Сторонники анархистов возражают на это тем, что «атмосфера принуждения» была неизбежным аспектом войны, что анархистов обвиняют несправедливо, и что наличие преднамеренного принуждения или прямое применение силы было минимально, о чём свидетельствует в целом мирное смешение коллективистов и индивидуалистов, не пожелавших участвовать в создаваемых коллективах. Последнее мнение выражает, в частности, историк Энтони Бивор в своей работе «Battle for Spain: The Spanish Civil War, 1936—1939».
Оправдание за эту операцию (чьи «очень резкие меры» потрясли даже некоторых членов партии) состояло в том, что, так как все коллективы создавались силой, Листер просто освобождал крестьян. Несомненно давление было, и не вызывает сомнения, что в некоторых случаях применялось оружие в пылу после восстания. Но сам факт, что в каждой деревне было смешение коллективистов и индивидуалистов демонстрирует, что крестьян не принуждали к коммунальным хозяйствам под дулом пистолета .
Историк Глэм Келси также утверждает, что анархистские коллективы основывались прежде всего на либертарных принципов добровольного объединения и организации, и что решение о присоединении и участии основывалось в целом на рациональном и взвешенном выборе, делавшимся после дестабилизации и эффективного отсутствия капитализма как мощного фактора в регионе.
Либертарный коммунизм и аграрная коллективизация были не экономическими условиями или социальными принципами принуждения враждебного населения специальными группами городских анархо-синдикалистов, но моделью существования и средством сельской организации, перенятыми из сельскохозяйственного опыт сельских анархистов, и принятые местными комитетами как самая разумная альтернатива отчасти феодальному, отчасти капиталистическому способу организации, которая только что рухнула .

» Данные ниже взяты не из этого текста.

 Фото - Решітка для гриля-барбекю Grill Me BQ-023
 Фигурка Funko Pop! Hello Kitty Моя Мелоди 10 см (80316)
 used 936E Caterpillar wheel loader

Также внимание проанархистских аналитиков уделяется многим десятилетиям организации и более короткому периоду агитации НКТ-ФАИ, что служило основой высокого уровня членства повсюду в анархистской Испании, что часто упоминается как основа популярности анархистских коллективов, а не какое-либо применение силы или принуждения, которое якобы заставляло несогласных участвовать в них.